**About this task**
Find every line below where the string "Charlie" shows up, and copy those lines.

**Supplied material**
- - - -

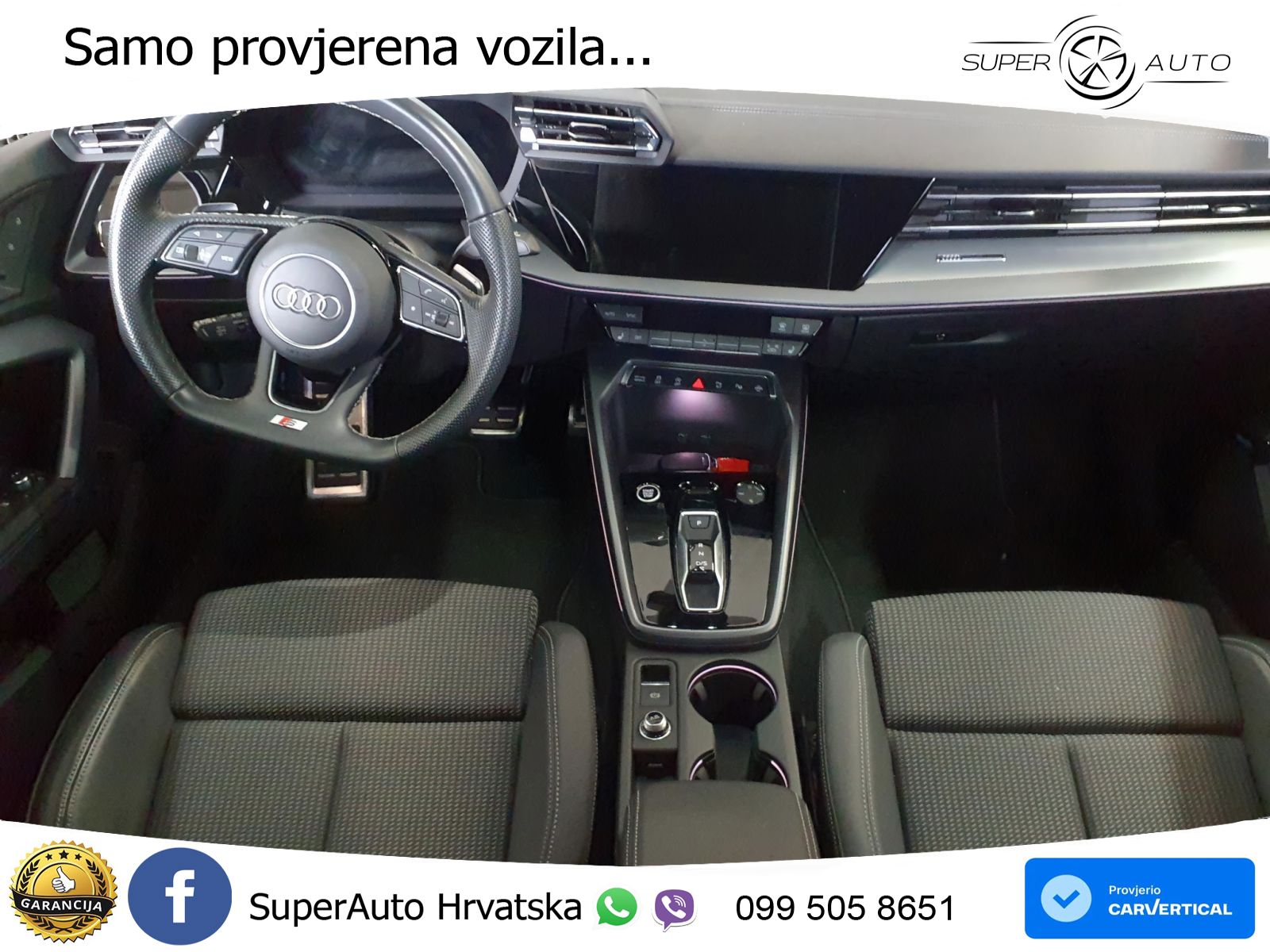 Audi A3 35 TFSI (150 KS) S tronic S line MATRIX+GR SJED+KAM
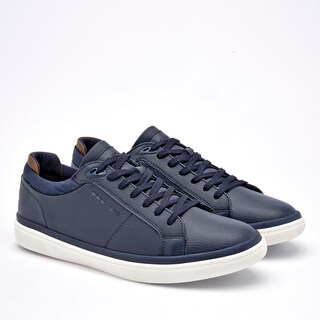 Foto 2 | Foto 2 | Negro Total Tenis Urbano Para Hombre Marino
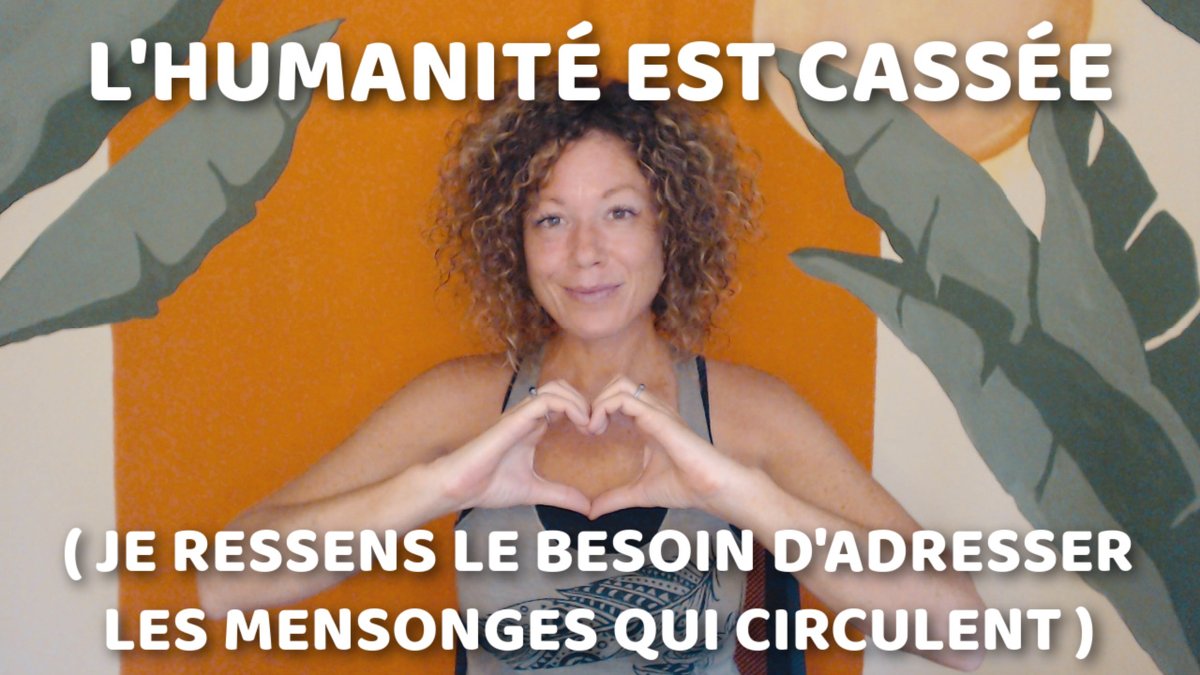 .
RIP Charlie Kirk | Épisode 6
youtu.be/2S7qmC4IoEg

«Raciste! Transphobe! Misogyne! Extrême-droite!» Je ressentais le besoin d’adresser tous ces mensonges qui circulent à propos de Charlie Kirk. Ça m’écoeure tellement d’entendre les gens dire n’importe quoi et j’avais envie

- - - -

**Task result**
RIP Charlie Kirk | Épisode 6
«Raciste! Transphobe! Misogyne! Extrême-droite!» Je ressentais le besoin d’adresser tous ces mensonges qui circulent à propos de Charlie Kirk. Ça m’écoeure tellement d’entendre les gens dire n’importe quoi et j’avais envie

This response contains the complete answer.